Honorable Mention: I know, I know, how can a guy that has a six hit game in which he hits for the cycle and almost single-handedly beats the Reds not be the top story? Maybe because my expectations for the lefty outfielder have become a bit out-sized. Anyway, he slashed .423/.483/.885, for an OPS of 1.367. Five of his hits were for extra bases, with three homers. And every out is a groundball to second, or so it seems. He scored five times in the six games and had ten RBI (!). I love extrapolating out of small sample sizes, and that’s a 250 RBI season! And one more time, for your viewing enjoyment:
By the way, Ted Williams (whose 100th birthday would have been this week) had a LIFETIME on base percentage of .482, and hit 521 career homers despite missing three full seasons to military service. He had TWO triple crowns, was a nineteen time All Star, won six batting average titles, and only won two MVP awards, because Teddy Ballgame and the press didn’t exactly get along. Oh, and wrote a book on hitting in the seventies that detailed the importance of launch angle. Your weekly history lesson! And he homered in his last at bat at age 41 in a season in which he hit .316. His OPS at age 41? 1.096
IMHO: After finishing up the series today in D.C. the Brewers return home and face the Chicago Cubs in six of their next nine games. This is important, of course, in Milwaukee’s increasingly Quixotic quest to unseat the defending NL Central champs, but is very important also because the Cubs are playing extremely well and could derail the Crew’s chances at a post season berth. I’d say that the Brewers need to take five of six to have a chance at the division, but it may be imperative that they win three of them to give themselves a chance at a Wild Card spot. Many thought that the NL Central would be the best division in the NL coming into the season. Ain’t that the truth - as good as the Cubs have been, the Cards may be playing even better.

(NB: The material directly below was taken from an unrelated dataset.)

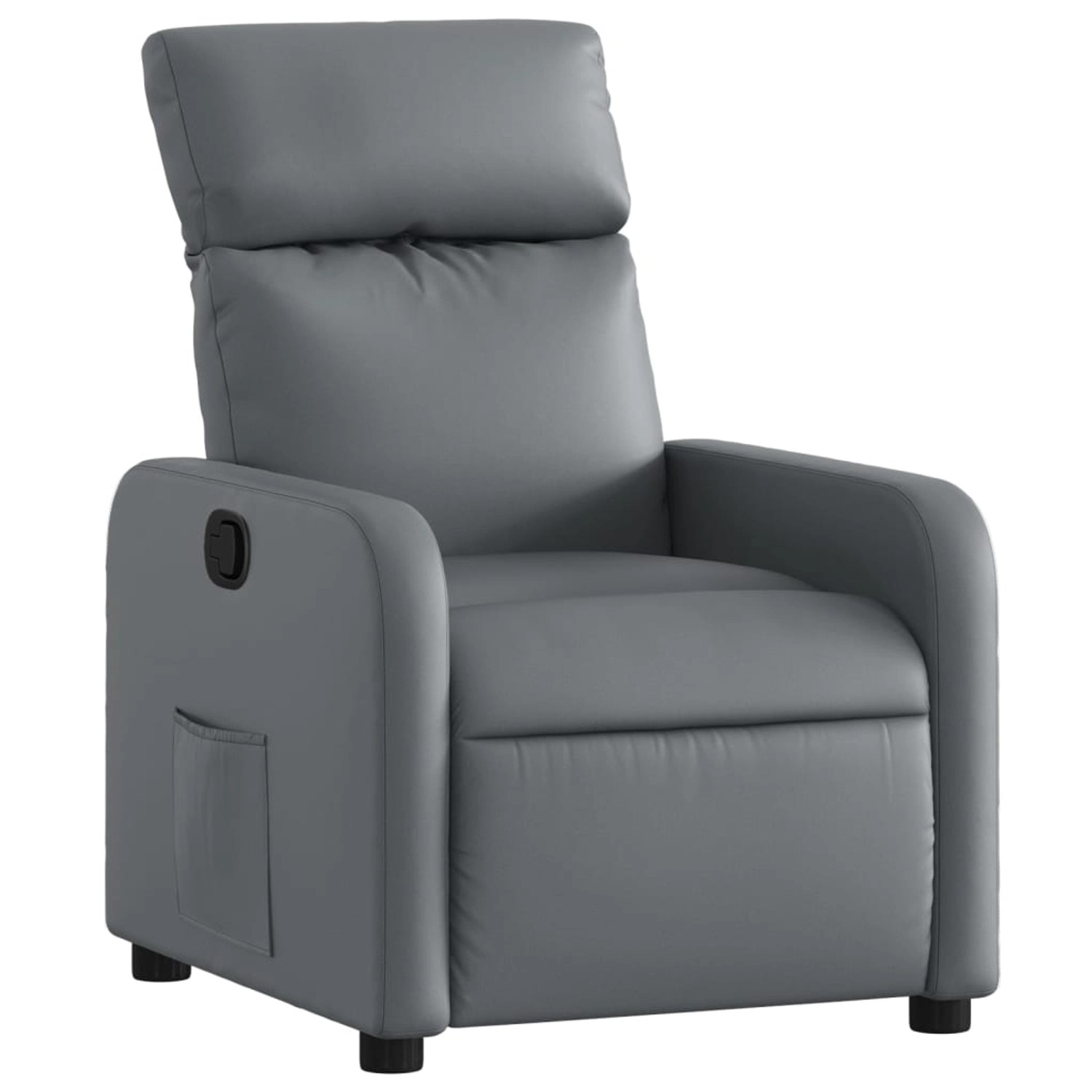 vidaXL Relaxsessel Grau Kunstleder Modell 33 vidaXL Relaxsessel Grau Kunstleder Modell 33 von VIDAXL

COMMENT OF THE WEEK: Milwaukee GM David Stearns was very aggressive in adding three players as the waiver trade period approached the end of August (that time period is important because only players on the 40 man roster as of August 31st are eligible for post-season play). Lefty relief specialist Xavier Cedeno, veteran outfielder Curtis Granderson, and lefty starting pitcher Gio Gonzalez joined the team (along with a slew of minor league call-ups). TonyC920 summed things up this way:
For what Stearns gave up to make these moves,… it was well worth the chances. Low Risk.
If Gio can contribute it’s a HR. I expect Cedeno will get plenty of work. Granderson is insurance. You can’t put Thames in the OF anymore. At least not this late into the final stretch.
I tend to agree with that, although the acquisition of Gio Gonzalez leaves me a bit cold. He hasn’t been good lately, to put it mildly. BTW, is TonyC920 an homage to Tony Conigliaro or Tony Cloninger? Or neither? (RIP Tony Cloninger, a former Milwaukee/Atlanta Brave who passed away a little over a month ago. On July 3, 1966, Tony hit two grand slams in a game. In the team’s final season in Milwaukee (1965), Cloninger went 24-11 with a 3.29 ERA. He led the league in walks, and in wild pitches (22)...he also led the league in wild pitches (27) the next season. Man, have you folks gotten a lot of history today!)
Milwaukee goes for the series win today against the Nationals, and then that rather important series against the Cubs starts tomorrow afternoon in a Labor Day matinee at Miller Park. After an off day Thursday (the Brewers have no Thursday games scheduled in September) the San Francisco Giants come to town for a weekend set.
Will we be giddy with anticipation or sobbing in our beer for next Sunday’s Sundries?